Your task: Write out exactly, and only, the lines below from the line with "and more! Your" through the line with "MIOLTTA | Strong"; pictures do not belong in the copy.

The input:
○ ○ ○ ○

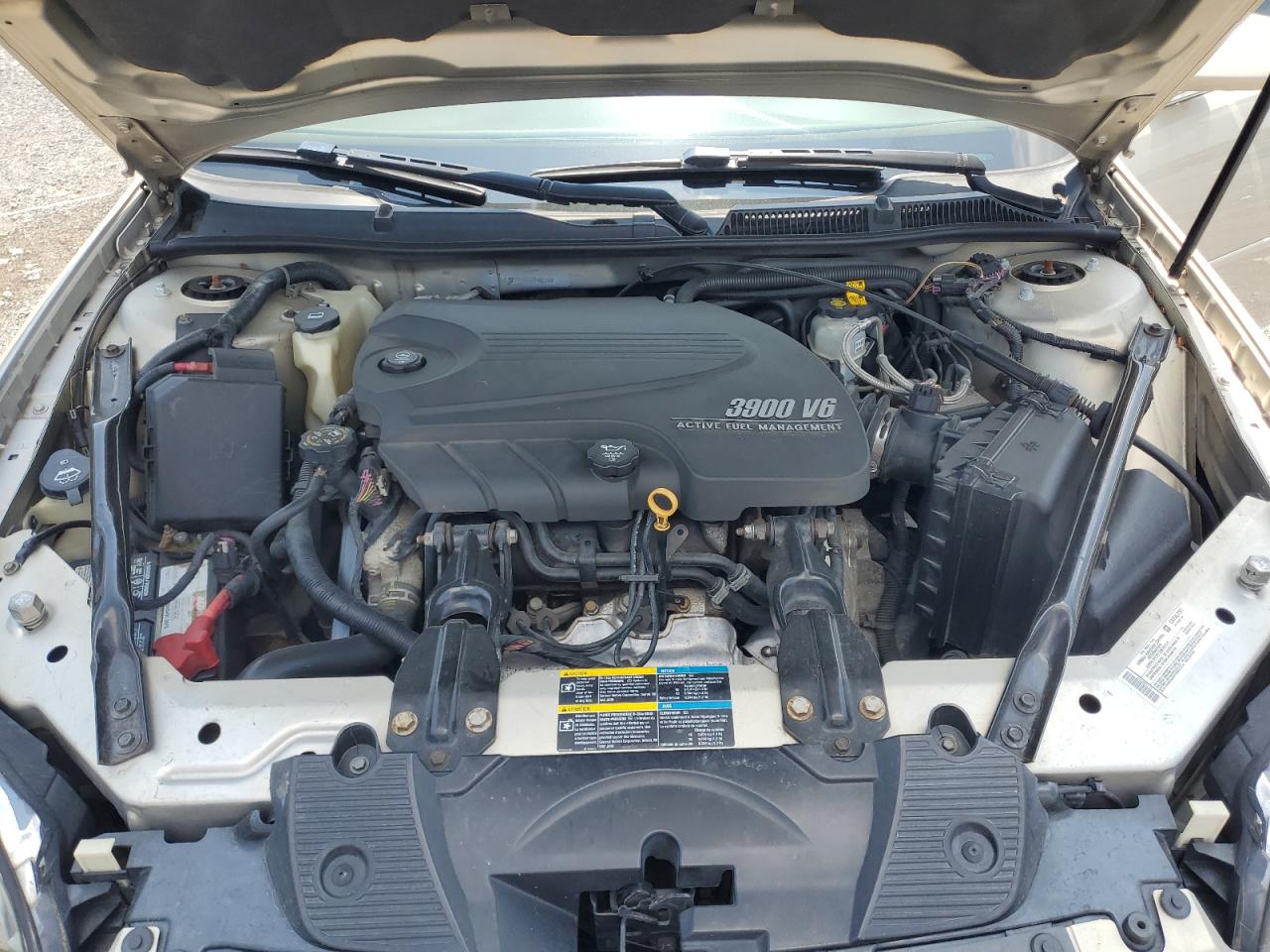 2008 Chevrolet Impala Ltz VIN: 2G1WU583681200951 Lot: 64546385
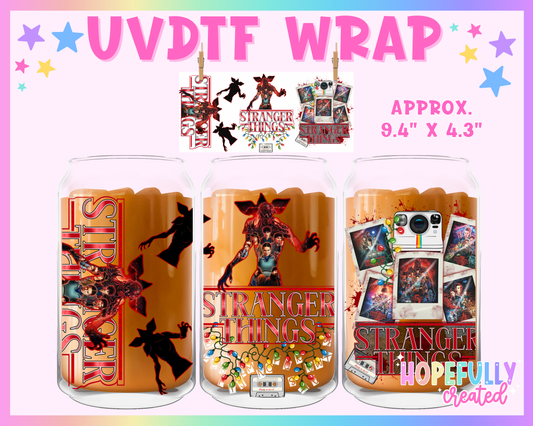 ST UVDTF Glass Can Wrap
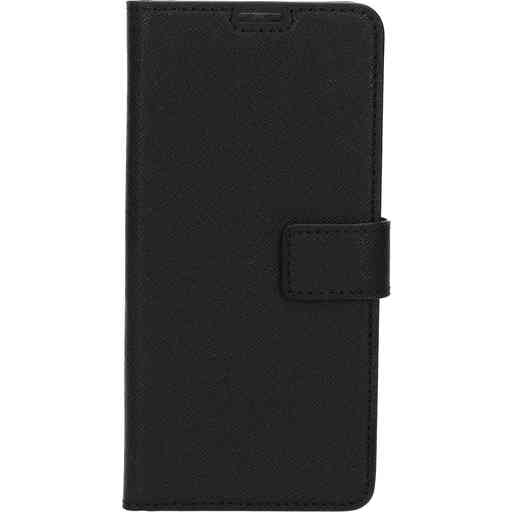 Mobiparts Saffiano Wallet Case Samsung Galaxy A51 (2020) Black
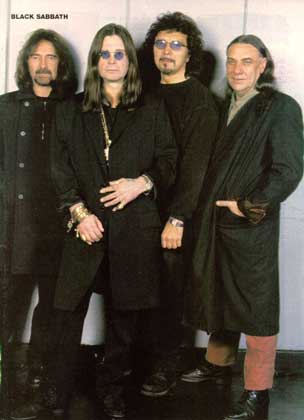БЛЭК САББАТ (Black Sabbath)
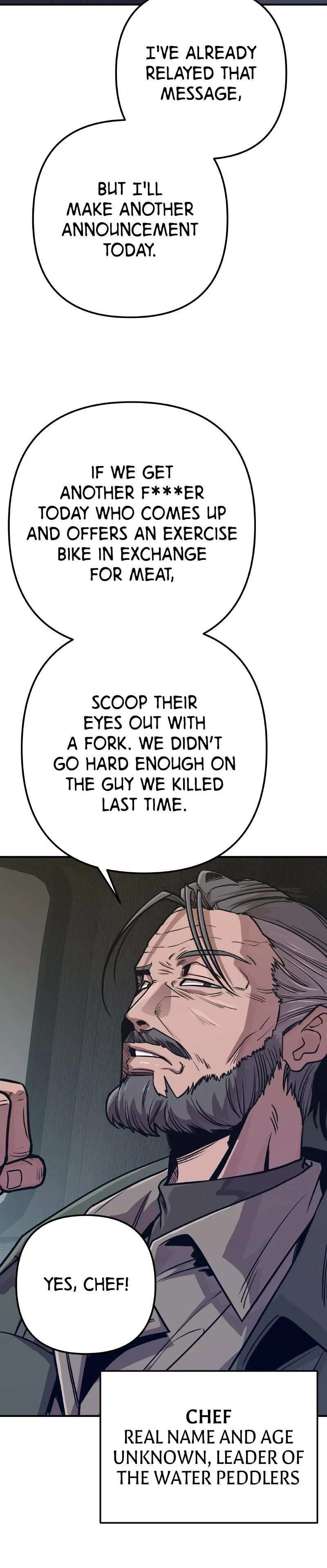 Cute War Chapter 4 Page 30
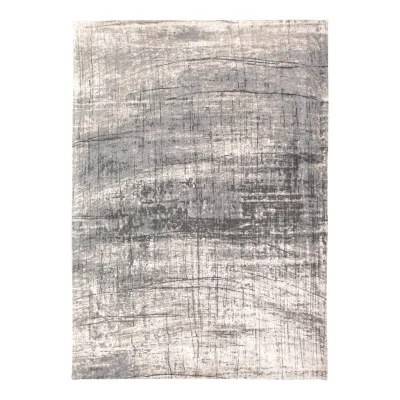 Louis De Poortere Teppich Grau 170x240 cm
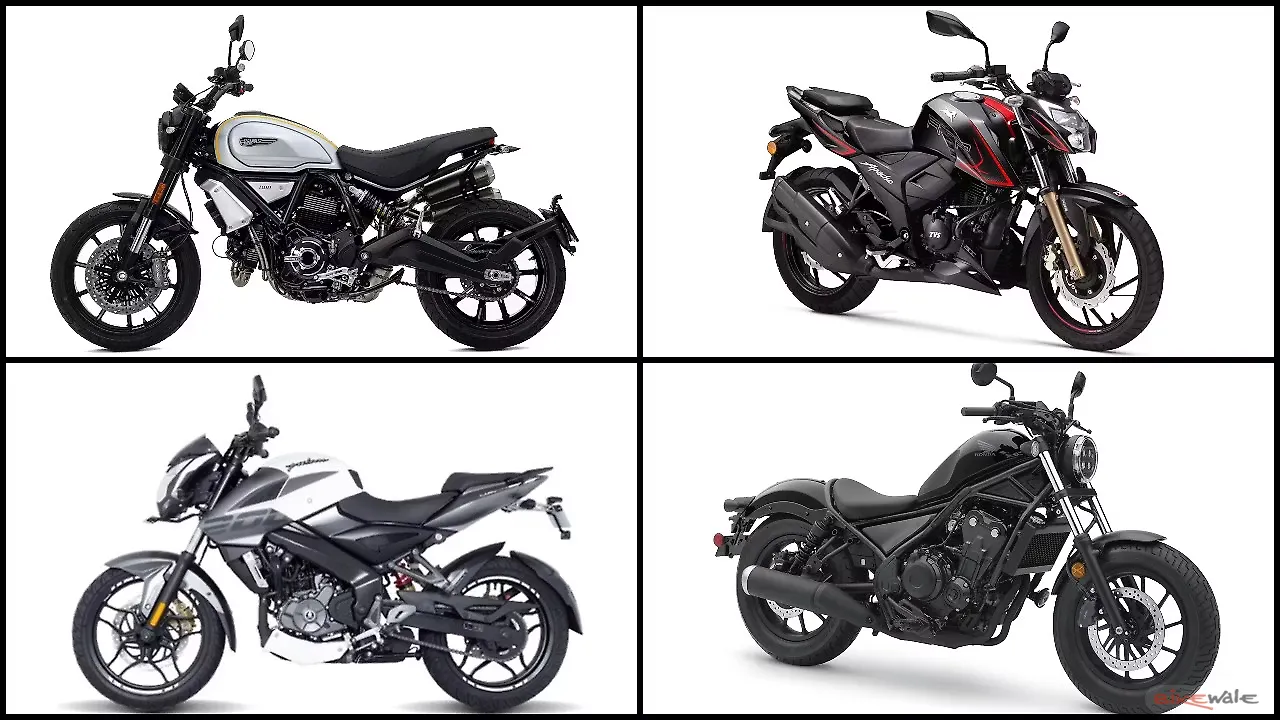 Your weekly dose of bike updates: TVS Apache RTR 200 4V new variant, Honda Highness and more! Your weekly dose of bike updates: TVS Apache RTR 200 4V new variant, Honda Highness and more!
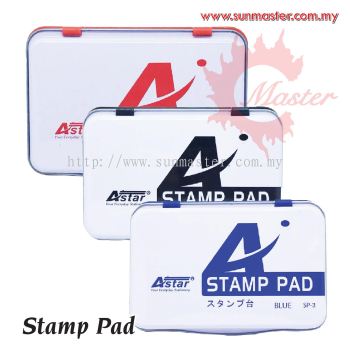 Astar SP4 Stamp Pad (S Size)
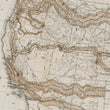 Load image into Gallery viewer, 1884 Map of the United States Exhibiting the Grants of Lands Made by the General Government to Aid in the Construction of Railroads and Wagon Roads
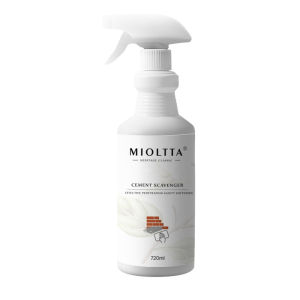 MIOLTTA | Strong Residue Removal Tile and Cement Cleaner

○ ○ ○ ○

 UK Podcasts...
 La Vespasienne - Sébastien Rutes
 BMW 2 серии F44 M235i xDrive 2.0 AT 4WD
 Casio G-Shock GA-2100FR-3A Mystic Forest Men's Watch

○ ○ ○ ○

Output for this task:
 Your weekly dose of bike updates: TVS Apache RTR 200 4V new variant, Honda Highness and more! Your weekly dose of bike updates: TVS Apache RTR 200 4V new variant, Honda Highness and more!
 Astar SP4 Stamp Pad (S Size)
 Load image into Gallery viewer, 1884 Map of the United States Exhibiting the Grants of Lands Made by the General Government to Aid in the Construction of Railroads and Wagon Roads
 MIOLTTA | Strong Residue Removal Tile and Cement Cleaner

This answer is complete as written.